Thirdly, since we are backed by Alibaba Group, including ourselves, we have accumulated a lot of video algorithm processing, so we have the opportunity to continuously provide rich algorithms and processing capabilities.

Third, “zero treatment” practice sharing

Next is ali Cloud video cloud in zero processing practice.

The first scenario is to use the MCU to liberate the end-to-end computing power.

Under normal circumstances, when we do RTC live broadcast, the live broadcast screen is completed by THE RTMP protocol. In this case, the audience cannot participate in the live broadcast interaction due to the delay. In order to enhance the interaction of the audience, it is necessary for everyone to join the RTC network, and each end subscribes to multiple streams. The computing power and network traffic of the other end are very heavy burdens.
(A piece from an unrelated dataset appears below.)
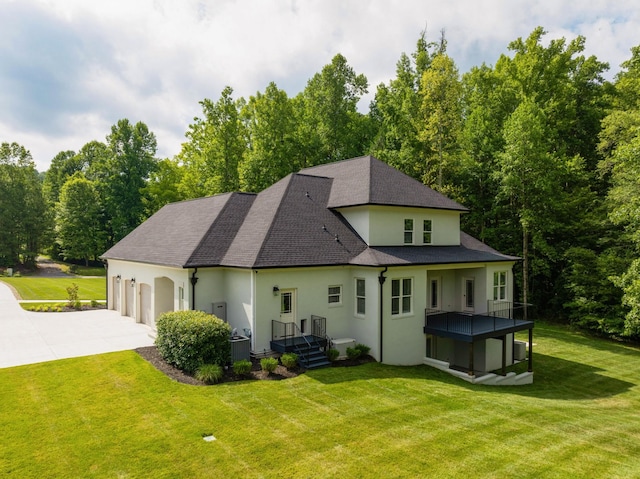 back of property featuring a garage, a yard, cooling unit, and driveway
We combined the streams through the MCU of the cloud and re-entered the RTC meeting. In this way, the audience could see the live stream through THE RTC, which was very convenient for interaction and did not consume too much on-end resources. This mode is called interactive low latency mode, which is already a mature product capability for us.

The second scenario, cloud push.

This is an example of how we can get through the internal service capability of Ali. Through cooperation with the Security Department of Ali Group, we can get through the circulation of RTC through the internal network and the products of the security Department, thus reducing intermediate links and realizing the content review with low cost and low delay.

The third scene, the cloud effect.

I believe you have already seen this scene. We have realized the virtual conference room with the help of the cloud processing. We can matting and map all people through the MCU of the cloud to improve the experience of attending the video conference.

The real-time virtual image shown above relies on GRTN real-time transmission network to transmit the video stream to the cloud, where the cloud carries out complex AI processing such as matting, voice changing and cartoonization of the video. The terminal is only responsible for display, thus realizing end-to-end zero processing.

“Zero processing” as the next generation of real-time interactive solution, pioneered in the cloud vendors, solved the end side new interactive era in the work force constrained problem to realize interaction of virtual scene, make full use of the cloud of hyperfine force, to cloud effects to build real-time virtual scene, is a comprehensive open immersed interaction an important evolution in the new world.

The original link

This article is the original content of Aliyun and shall not be reproduced without permission.